* **Exercise material**
>>>>
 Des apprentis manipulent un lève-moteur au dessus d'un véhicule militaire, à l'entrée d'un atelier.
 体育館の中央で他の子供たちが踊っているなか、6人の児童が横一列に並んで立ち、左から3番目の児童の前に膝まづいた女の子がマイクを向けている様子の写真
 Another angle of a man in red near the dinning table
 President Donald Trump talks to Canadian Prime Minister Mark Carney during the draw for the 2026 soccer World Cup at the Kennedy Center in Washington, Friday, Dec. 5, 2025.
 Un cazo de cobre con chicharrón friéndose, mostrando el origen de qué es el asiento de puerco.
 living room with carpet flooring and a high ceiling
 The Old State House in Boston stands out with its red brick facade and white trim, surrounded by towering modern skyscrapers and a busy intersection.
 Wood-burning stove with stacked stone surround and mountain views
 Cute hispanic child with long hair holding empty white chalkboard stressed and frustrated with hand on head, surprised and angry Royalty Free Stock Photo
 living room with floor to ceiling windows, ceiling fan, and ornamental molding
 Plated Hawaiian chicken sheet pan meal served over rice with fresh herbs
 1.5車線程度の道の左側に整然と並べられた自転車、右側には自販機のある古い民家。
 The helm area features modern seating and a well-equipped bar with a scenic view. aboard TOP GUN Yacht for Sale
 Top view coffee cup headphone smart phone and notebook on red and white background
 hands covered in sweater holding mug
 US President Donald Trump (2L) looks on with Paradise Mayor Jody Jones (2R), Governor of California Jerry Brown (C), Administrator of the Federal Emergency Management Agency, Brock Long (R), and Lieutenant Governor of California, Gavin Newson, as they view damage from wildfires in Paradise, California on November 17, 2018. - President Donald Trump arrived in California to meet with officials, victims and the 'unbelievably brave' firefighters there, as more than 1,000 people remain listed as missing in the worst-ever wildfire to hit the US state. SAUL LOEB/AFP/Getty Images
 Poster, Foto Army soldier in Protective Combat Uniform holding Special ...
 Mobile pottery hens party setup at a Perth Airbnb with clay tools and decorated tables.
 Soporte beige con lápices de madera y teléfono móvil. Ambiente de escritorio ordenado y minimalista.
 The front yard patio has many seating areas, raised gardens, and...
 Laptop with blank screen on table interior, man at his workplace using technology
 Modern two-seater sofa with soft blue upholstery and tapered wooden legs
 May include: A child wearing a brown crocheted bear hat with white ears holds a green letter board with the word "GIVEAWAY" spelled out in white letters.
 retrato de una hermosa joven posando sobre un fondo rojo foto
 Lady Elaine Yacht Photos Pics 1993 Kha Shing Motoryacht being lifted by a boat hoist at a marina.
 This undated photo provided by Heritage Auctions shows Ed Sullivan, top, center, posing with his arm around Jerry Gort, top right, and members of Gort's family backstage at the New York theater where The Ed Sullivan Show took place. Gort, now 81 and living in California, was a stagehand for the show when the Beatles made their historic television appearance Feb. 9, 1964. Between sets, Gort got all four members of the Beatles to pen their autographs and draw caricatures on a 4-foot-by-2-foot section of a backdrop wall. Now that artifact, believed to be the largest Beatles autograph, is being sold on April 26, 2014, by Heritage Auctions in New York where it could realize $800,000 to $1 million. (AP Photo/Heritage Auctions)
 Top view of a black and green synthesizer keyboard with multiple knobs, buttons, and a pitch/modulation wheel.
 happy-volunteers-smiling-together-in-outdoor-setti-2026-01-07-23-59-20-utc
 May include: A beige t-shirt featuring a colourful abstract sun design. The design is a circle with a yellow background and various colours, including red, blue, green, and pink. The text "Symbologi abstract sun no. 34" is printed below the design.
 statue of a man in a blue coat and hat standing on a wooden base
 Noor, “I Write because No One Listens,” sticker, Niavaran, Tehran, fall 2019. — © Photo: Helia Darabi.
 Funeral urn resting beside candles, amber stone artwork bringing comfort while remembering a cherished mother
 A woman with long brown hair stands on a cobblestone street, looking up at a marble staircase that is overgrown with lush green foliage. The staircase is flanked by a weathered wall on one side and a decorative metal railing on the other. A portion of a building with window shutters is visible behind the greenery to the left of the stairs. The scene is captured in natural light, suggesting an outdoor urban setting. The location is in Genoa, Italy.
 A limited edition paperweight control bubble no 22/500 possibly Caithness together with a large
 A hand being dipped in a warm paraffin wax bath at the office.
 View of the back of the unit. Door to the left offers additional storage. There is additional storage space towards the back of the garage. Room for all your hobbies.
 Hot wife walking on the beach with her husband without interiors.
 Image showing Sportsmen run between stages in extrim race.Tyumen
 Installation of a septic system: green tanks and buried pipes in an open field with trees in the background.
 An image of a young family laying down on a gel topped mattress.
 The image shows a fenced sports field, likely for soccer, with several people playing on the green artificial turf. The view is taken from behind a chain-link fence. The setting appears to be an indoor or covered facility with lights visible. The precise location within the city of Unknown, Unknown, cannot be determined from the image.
<<<<
* **To do**
Please give back exactly the lines of the listing above that run from the one containing "The helm area" through the one containing "hands covered in sweater holding mug", and only those.

* **Solution below**
 The helm area features modern seating and a well-equipped bar with a scenic view. aboard TOP GUN Yacht for Sale
 Top view coffee cup headphone smart phone and notebook on red and white background
 hands covered in sweater holding mug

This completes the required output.